The title of the woodblock print above is "Segawa of the Ogiya, from the series Courtesan
Matched with Sumo Wrestlers by KATSUKAAWA Shunsen (勝川春扇), the date of birth and death unwnown. Shunsen depicted Segawa (瀧川), a super star courtesan at the Ogia House and Kamuro, an apperentice, likened to a sumo wrestler and a referee respectively.
It was published in 1807.
⁂Special Exhibition of TANAKA Isson, with a focus on recent acquisitions
Works which Isson drew before living in Amami Oshima are on view.
⁂Special edition: HASHIGUCHI Goyo 橋口五葉(1881～1921)
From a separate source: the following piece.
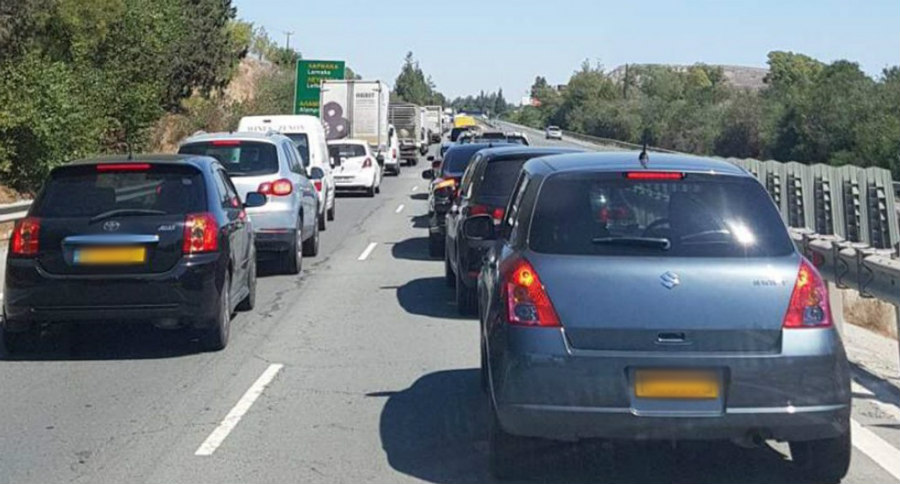 ΛΕΜΕΣΟΣ- ΤΡΟΧΑΙΟ: Φορτηγό 'σφήνωσε' στα κιγκλιδώματα του αυτοκινητόδρομου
Goyo was a forefront of the shin-hanga (new prints) movement which was a revival of ukiyo-e. He studied a lot about the great classical ukiyo-e artists and wrote several articles on Utamaro, Hiroshige, and Harunobu .In 1915 he designed "Bathing (湯浴み) " under Watanabe Shozaburo, a publisher. After finishing collaborating with the publisher, in 1916-17 he worked supervising reproductions of 12 volumes called "Japanese Color Prints". He had personally supervised the carving, printing, and publication of his own works since 1918 until he passed away on February 24, 1921 at the age of 41. The number of total production of prints was fourteen, which are regarded as of extremely high quality.
The title of the woodblock print above is "Hot Spring Inn". In late 1920 he suffered from meningitis (髄膜炎).
This was his last work that he designed from his deathbed, which Hashiguchi Yasuo, Goyo's nephew developed into a print in 1952 (昭和27年).
The title of the woodblock print above is "Woman with a hand towel".
His nephew Hashiguchi Yasuo developed into a print after World War 2.